Can I choose `parallel=True` like in `xr.open_mfdataset`? #70

kthyng · 2022-01-27T20:48:28Z

Hi! I stumbled across this intake driver and it looks like what I need, so thank you so much for your work!

I have already made an example for myself where I have a bunch of file locations that are on a thredds server, and then I read them in with xr.open_mfdataset(), like so:

ds = xr.open_mfdataset(filelocs, drop_variables=['siglay','siglev','Itime2'], parallel=True, compat='override', 
                       combine='by_coords', data_vars='minimal', coords='minimal')

This ended up being about 2 minutes for 127 files.

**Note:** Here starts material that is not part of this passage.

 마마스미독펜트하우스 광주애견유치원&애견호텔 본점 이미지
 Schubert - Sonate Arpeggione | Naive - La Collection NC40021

But, I need to get this combined dataset represented in an intake catalog, which is where intake-thredds comes in. I think I have properly mapped the keywords I used in xr.open_mfdataset to the API in intake-thredds like this:

cat_url = 'https://opendap.co-ops.nos.noaa.gov/thredds/catalog/NOAA/LEOFS/MODELS/catalog.xml'
source = intake.open_thredds_merged(
         cat_url, path=[date.strftime('%Y'),
                   date.strftime('%m'),
                   date.strftime('%d'),
                   date.strftime(f'nos.leofs.fields.????.%Y%m%d.t12z.nc')],
    concat_kwargs={"dim": "time",
                  'data_vars': 'minimal',
                   'coords': 'minimal',
                   'compat': 'override',
                   'combine_attrs': "override"
                  },
    xarray_kwargs=dict(
        drop_variables=['siglay','siglev','Itime2'], 
    ),

)

But, when I then try to look at the resultant combined lazily loaded Dataset with source.to_dask(), it takes forever to try to load and breaks with "Bad Gateway" before it can finish. The only difference I think is that I don't see how to use parallel=True in the call to intake.open_thredds_merged which I used in calling xr.open_mfdataset.

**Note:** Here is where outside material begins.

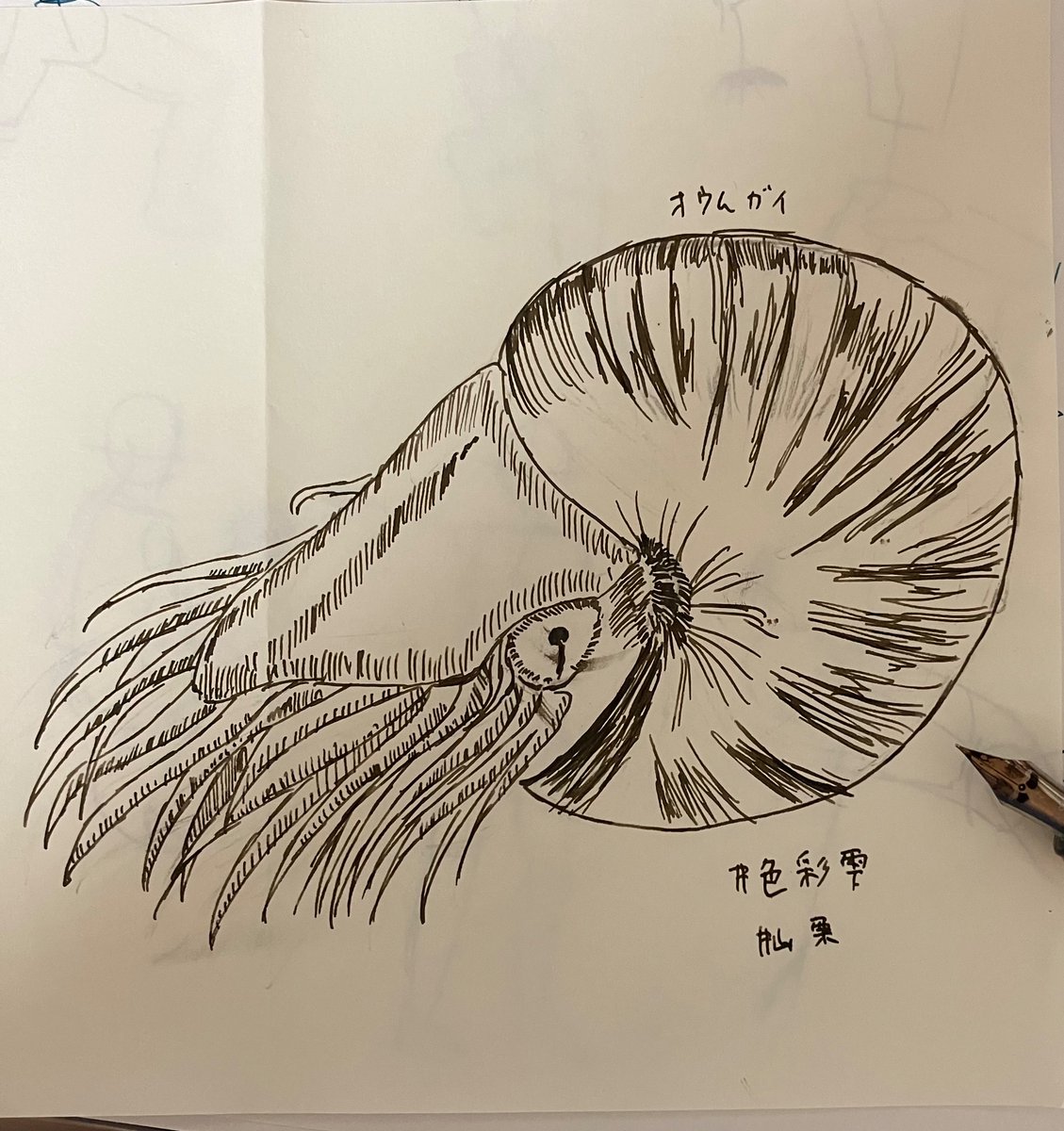 オウムガイのイラスト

Is there a way to use parallel=True? Thank you for your help!

The text was updated successfully, but these errors were encountered:

aaronspring · 2022-01-27T21:31:43Z

intake-thredds doesn't use open_mfdataset and therefore won't use parallel.

intake-thredds/intake_thredds/source.py

Line 101 in a659ae8

self._ds = xr.concat(data, **self.concat_kwargs)

Have you tried a smaller example e.g. just 2 instead of 127 files? Try with f11? .

andersy005 · 2022-01-27T21:37:01Z

Thank you for a thorough, reproducible example, @kthyng!

intake-thredds doesn't use open_mfdataset and therefore won't use parallel.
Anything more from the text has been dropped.